Recensione: Despicable [EP]
Una lunga storia, quella dei Carcass, cominciata nel 1986 in piena età dell’oro del metal estremo che, in quegli anni, si stava sviluppando in modo inarrestabile da un brodo primordiale in cui convivevano thrash, black, grind e death.
Il combo del Regno Unito, in quel periodo, rappresentava una delle punte di diamante del proprio Paese che, come insegna la Storia, giovava dell’impulso dato dalla NWOBHM per addivenire ad act che, in fondo alla loro rabbia, covavano, sempre e comunque, il richiamo all’heavy metal classico.
I Carcass non si distinguevano, in ciò, ma hanno avuto un’evoluzione propria, fortemente scandita da uno stile che, sin dagli inizi, era dotato di una consistente personalità; esplosa in tutta la sua energia nel seminale “Heartwork” (1993), capolavoro di death metal applicato alla visionarietà di un nuovo millennio, in quel momento a portata di un solo lustro.
Da lì in poi la band si è un po’ persa in se stessa, realizzando due LP, “Swansong” (1996) e “Surgical Steel” (2013), per nulla irresistibili, forse rivolti troppo al passato così come “Heartwork” guardava al futuro. Del resto essa è nata nell’ambito del grindcore, per poi passare al melodic death metal e, quindi, al cosiddetto death ‘n’ roll. Definizioni che, come sempre, lasciano il tempo che trovano ma che, in questo caso – almeno a parere di chi scrive – sono piuttosto indicative di una intrinseca, ferma decisione sulla strada migliore da seguire.
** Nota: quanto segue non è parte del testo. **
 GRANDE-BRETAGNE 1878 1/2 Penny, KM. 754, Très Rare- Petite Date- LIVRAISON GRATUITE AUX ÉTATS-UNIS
Considerando, pure, lo split-up del 1996, durato sino al 2007, nonché la grave perdita per emorragia cerebrale (1999) di Ken Owen, batterista della formazione originale di cui, oggi, sono ancora presenti il mastermind Jeff Walker (voce, basso) e Bill Steer (chitarra, voce).
Tornando al presente “Despicable” è un EP che, nelle intenzioni, dovrebbe dare un’idea del nuovo LP dei Nostri, “Torn Arteries” – omaggio a Owen, originariamente pensato per uscire ad agosto ma posticipato a gennaio 2021 per via dell’emergenza Covid-19. Per questo, esso è composto da tre brani inediti (‘The Living Dead at the Manchester Morgue’ riferimento all’omonimo Z-movie degli anni settanta), ‘The Long and Winding Bier Road’ e ‘Slaughtered in Soho’), aggiunti al singolo dato alle stampe nel 2019, ‘Under the Scalpel Blade’, nella album version.
Mettendo le mani sul dischetto, con l’opener-track ‘The Living Dead at the Manchester Morgue’ ci si accorge immediatamente non si è dissolto nel tempo il marchio di fabbrica che, bene o male, ha da sempre contraddistinto in maniera univoca il combo Liverpool. Una buona cosa, giacché i Carcass, appunto, malgrado i vari cambi di idee su che suonare, hanno fatto della loro peculiarità stilistica il loro punto di forza; assieme a una tecnica sopraffina che, in “Despicable”, emerge con forza a partire dalla canzone più su citata. Ricca di cambi tempo, potente quando esplode i suoi blast-beats per attaccare alla giugulare chi ascolta. ‘The Long and Winding Bier Road’ si può dire che rappresenti una buona rappresentazione di melodic death metal, con i suoi armonici orpelli disegnati dalla chitarra solista. Note meno positive, invece, da ‘Under the Scalpel Blade’, seppur furibonda nel suo incedere a strappi, e da ‘Slaughtered in Soho’; piuttosto anonime e piatte a livello compositivo che, nel mini-CD, non si dimostra essere eccelso ma, anzi, limitato a un compitino eseguito senz’altro con perizia e abilità ma, purtroppo per la formazione albionica, privo di lampi di genio.
Alla fine non resta che appioppare una mera sufficienza, a “Despicable”, anche perché, comunque, i Carcass la loro classe non l’hanno persa per strada. Si spera, però, che il meglio sia ancora ignoto, conservato nella tracklist di “Torn Arteries”.